● The problem
For every entry, reproduce the wording exactly and omit any image it holds.

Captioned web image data
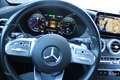 Mercedes-Benz C 300 C 300 D AMG  PHEV DRIVE PILOT AMG 360° CAMERA - thumbnail 17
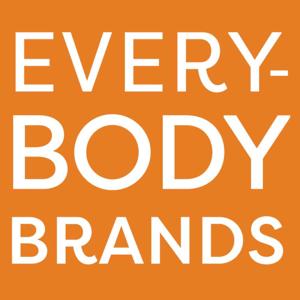 Everybody Brands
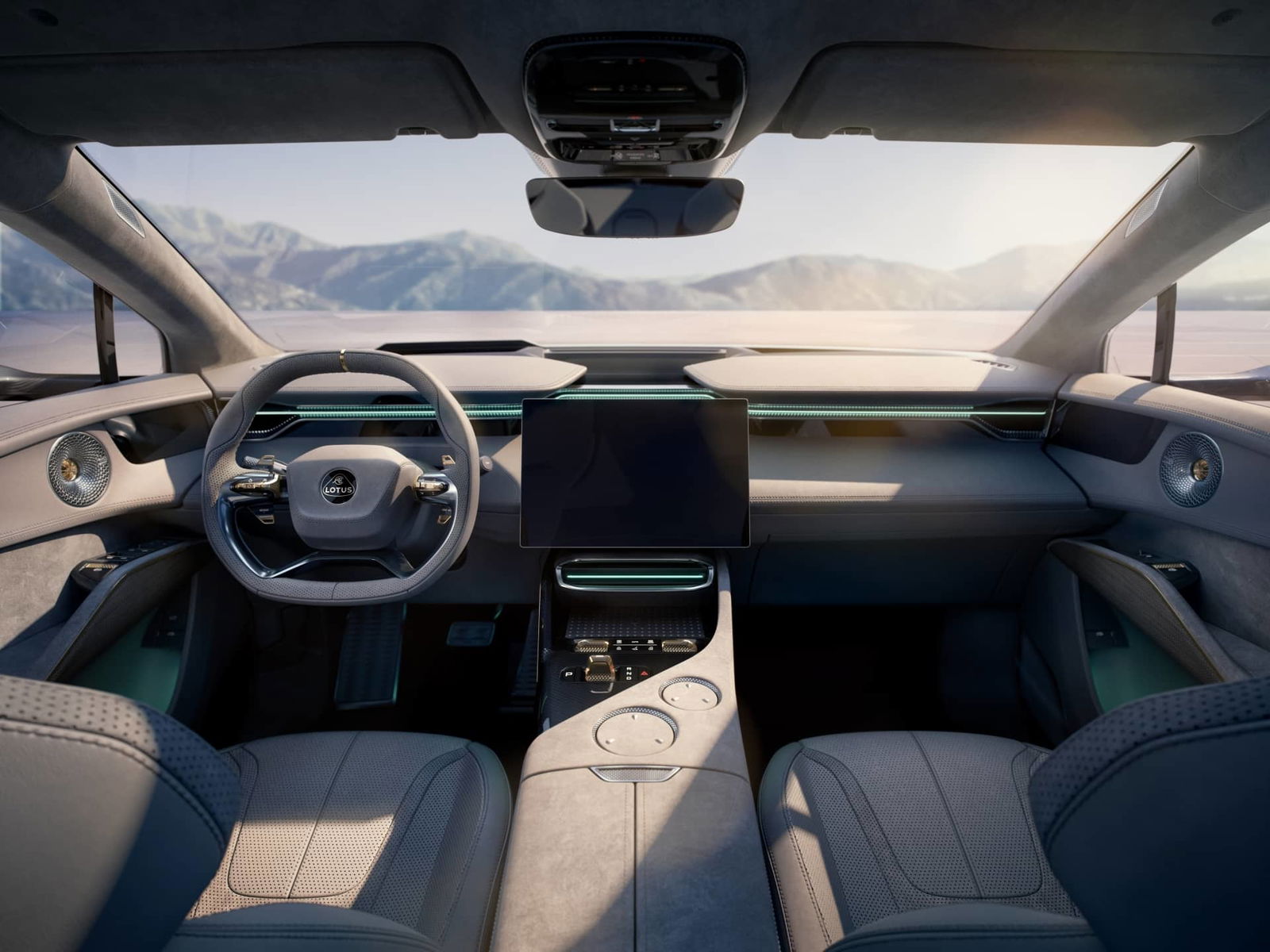 Lotus Eletre 2023 09 Lotus Eletre 2023 09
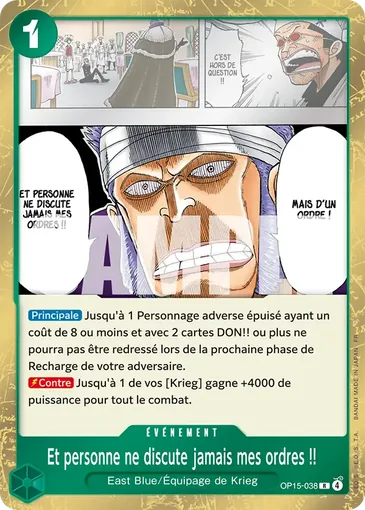 base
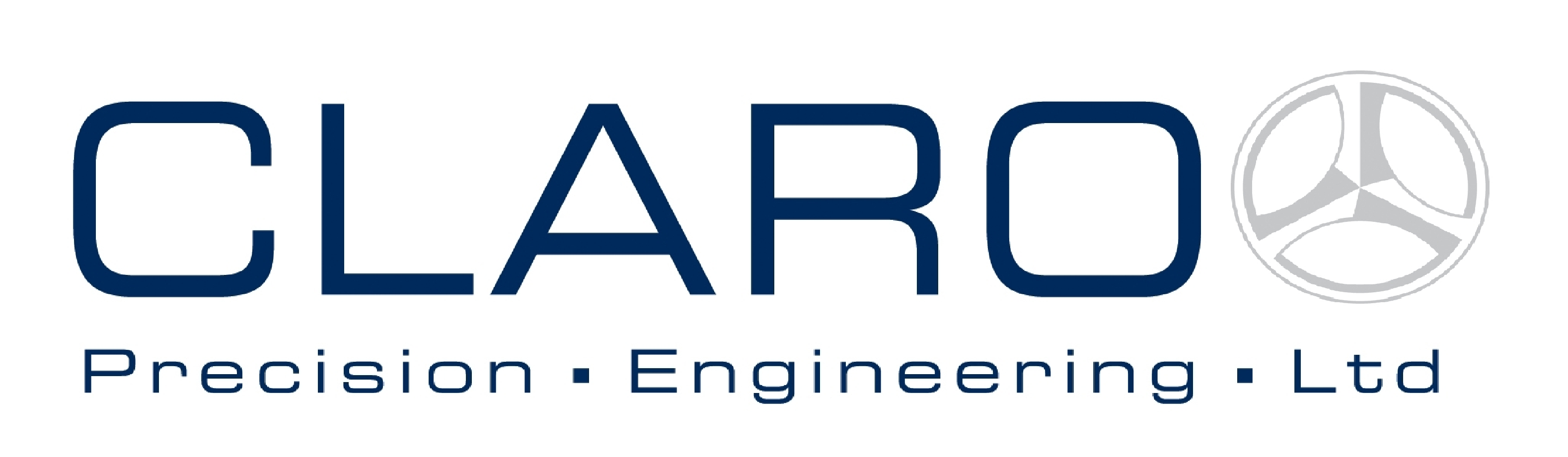 Claro Precision Engineering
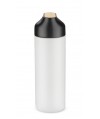 Butelka termiczna ELSA 600 ml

● Result of the task
 Mercedes-Benz C 300 C 300 D AMG  PHEV DRIVE PILOT AMG 360° CAMERA - thumbnail 17
 Everybody Brands
 Lotus Eletre 2023 09 Lotus Eletre 2023 09
 base
 Claro Precision Engineering
 Butelka termiczna ELSA 600 ml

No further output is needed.